Eric Decreux (Universite Orleans)
Time in the Tea Ceremony
This talk has the purpose to present some aspects of the interaction of the conception of time and the spatial organization of the Japanese tea ceremony room. This spatial organization appears indeed to be mostly important in this practice and contributes to the creation of an atmosphere which may be relevant for the understanding of some aspects of the apperception of time, as one of the well known watchwords of this practice “ichiko-ichie”, “one time, one meeting”, may suggest it.
The tea ceremony appears to be significant for the interaction of the Japanese sensibility with a large range of traditional Japanese activities from the 16th century onwards. Since this time, the fixed rules of this practice exclude among others the use of any tools of objective measure like clocks. Anyway, time is present through a net of allusions from the displayed objects and emphasized by the conversation.

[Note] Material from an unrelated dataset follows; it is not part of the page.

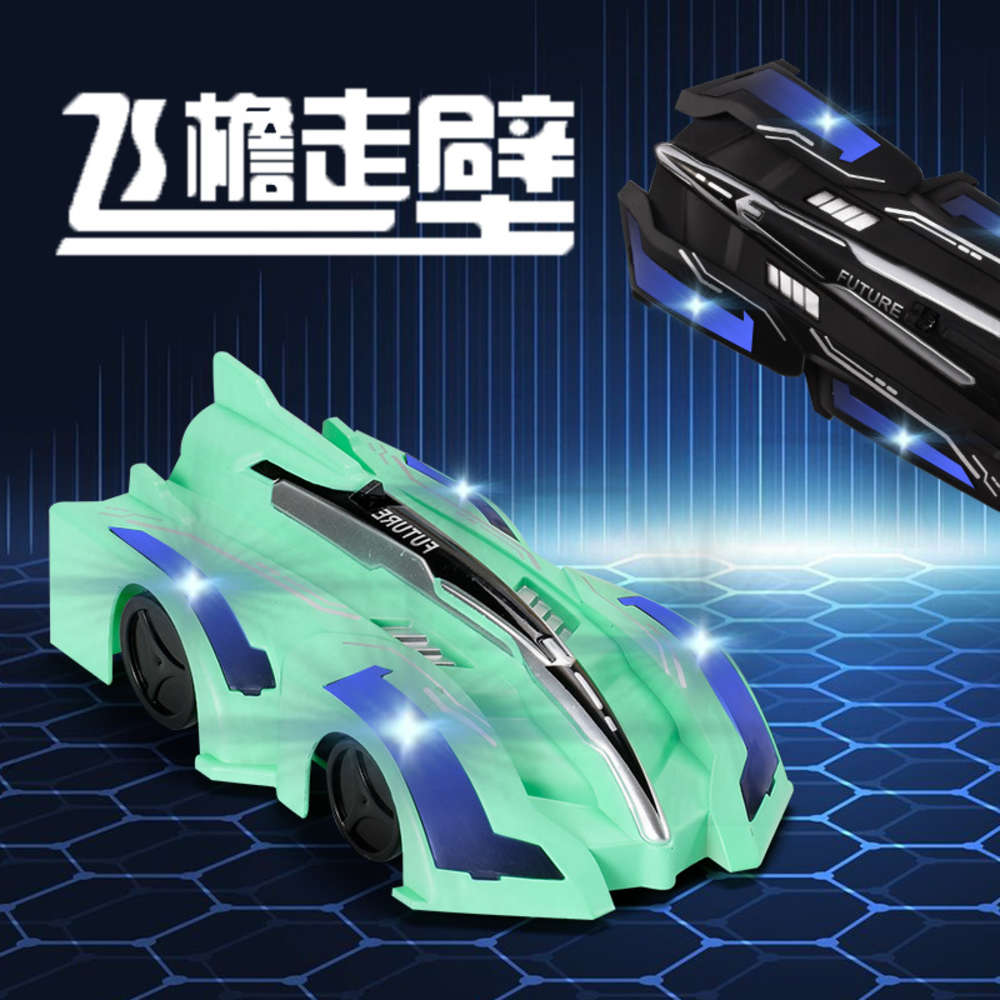 

Electric/RC Car Electric remote control glass wall climbing drift Stunt car boy toy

In this talk, we will show how the tea ceremony can appear as an artistic representation, and even as the construction of a symbolic milieu, in which time should be a non-independent parameter. We will in particular focus on both the interaction between spatial rhythm and the peoples' behaviour and the narrative dimension of the evocation of time. We also will make a link between these remarks and some other Japanese traditions: the renga chained poetry, which is often linked with the tea ceremony by the major schools of this practice, but also other performance arts. Eventually, the character of time in this artificially constructed place may be discussed, and a link with some writings of Japanese philosophers of the Meiji era like Kuki Shuzo may be done.